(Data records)
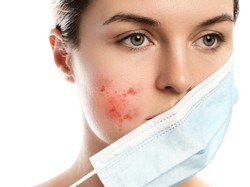 Jerawat Kistik, Penyebab dan Cara Mengobatinya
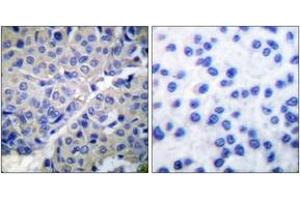 Immunohistochemistry analysis of paraffin-embedded human breast carcinoma, using Synaptotagmin (Phospho-Ser309) Antibody. (Synaptotagmin antibody  (pSer309))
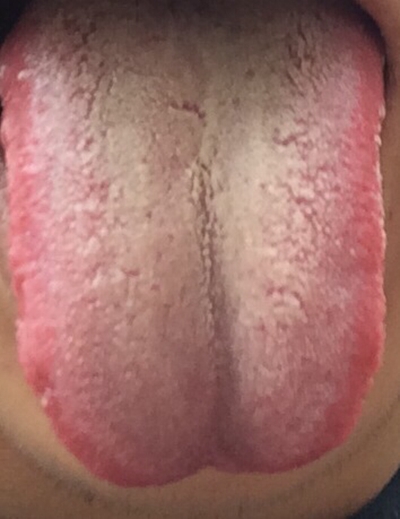 艾滋病舌头图片 (10)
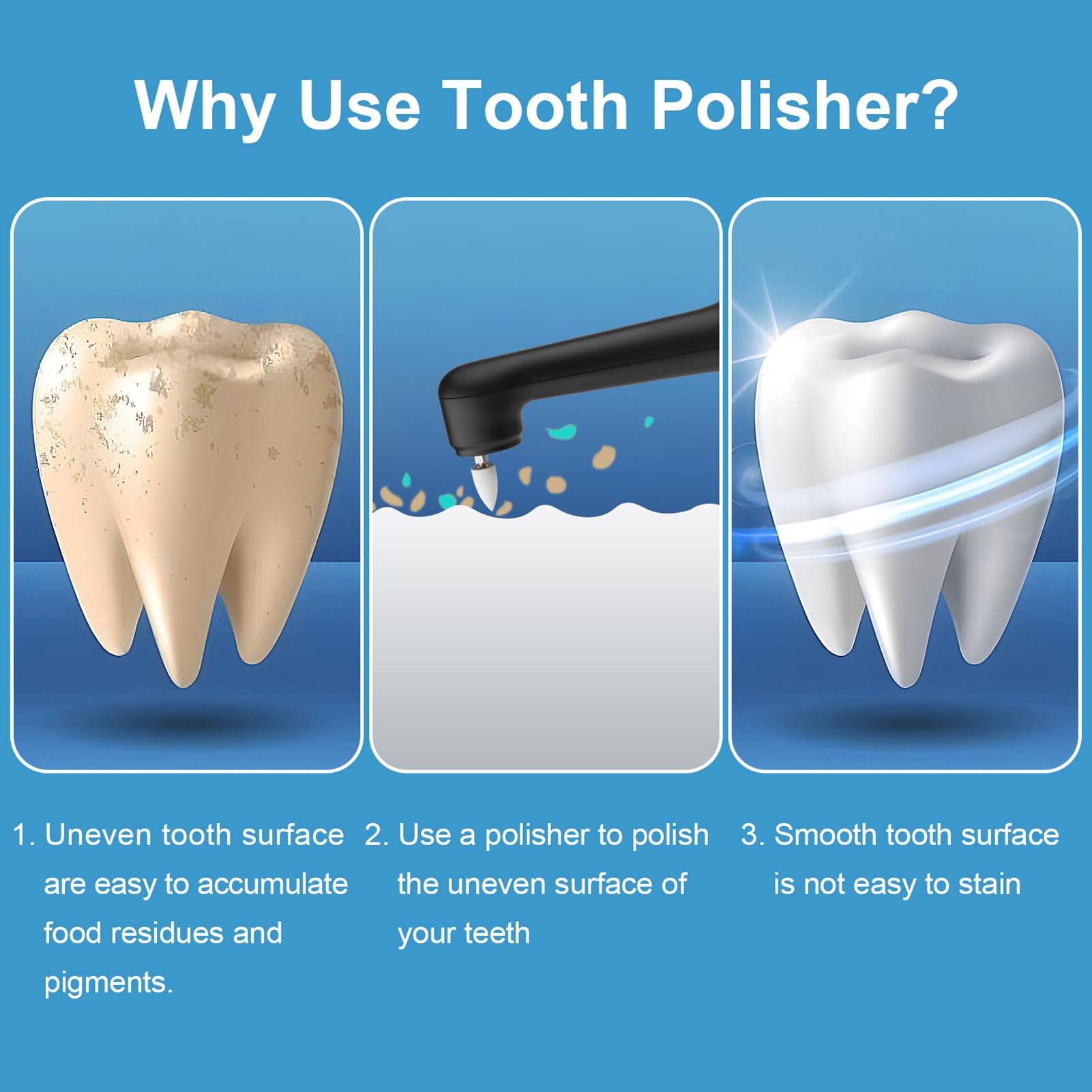 SIQUER polisseur dents avec brosse flat top pour résidus.
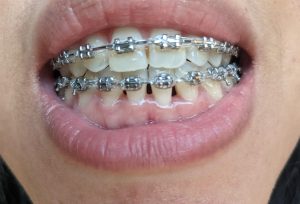 چه چیزی باعث از بین رفتن پاپیلای بین دندانی می شود؟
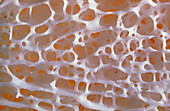 Close-up of normal human spongy bone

Task to carry out - Take the entries shown above and quote them verbatim, passing over the pictures.

Response for this exercise -
 Jerawat Kistik, Penyebab dan Cara Mengobatinya
 Immunohistochemistry analysis of paraffin-embedded human breast carcinoma, using Synaptotagmin (Phospho-Ser309) Antibody. (Synaptotagmin antibody  (pSer309))
 艾滋病舌头图片 (10)
 SIQUER polisseur dents avec brosse flat top pour résidus.
 چه چیزی باعث از بین رفتن پاپیلای بین دندانی می شود؟
 Close-up of normal human spongy bone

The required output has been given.